ABOUT THIS EXERCISE ▸ Somewhere below, one line contains "Used 2023 Porsche Panamera image 54" and a later line contains "SUPREME & AIR". Output those two lines and everything between them exactly, and nothing else.

EXTRACTED INFORMATION ▸
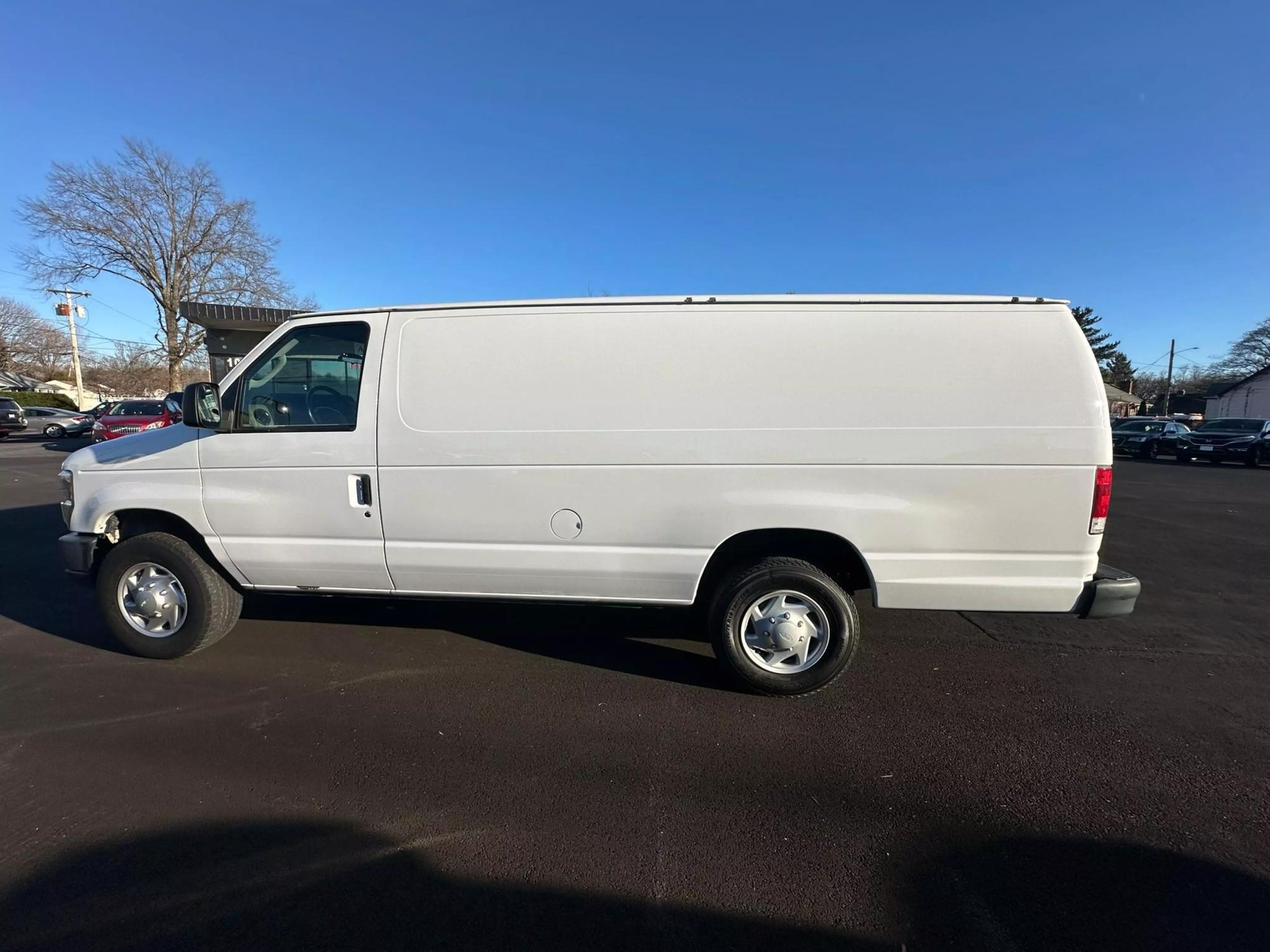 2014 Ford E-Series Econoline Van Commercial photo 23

==

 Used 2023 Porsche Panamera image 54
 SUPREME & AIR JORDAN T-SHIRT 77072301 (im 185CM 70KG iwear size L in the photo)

SOLUTION FOR THIS TASK ▸
 Used 2023 Porsche Panamera image 54
 SUPREME & AIR JORDAN T-SHIRT 77072301 (im 185CM 70KG iwear size L in the photo)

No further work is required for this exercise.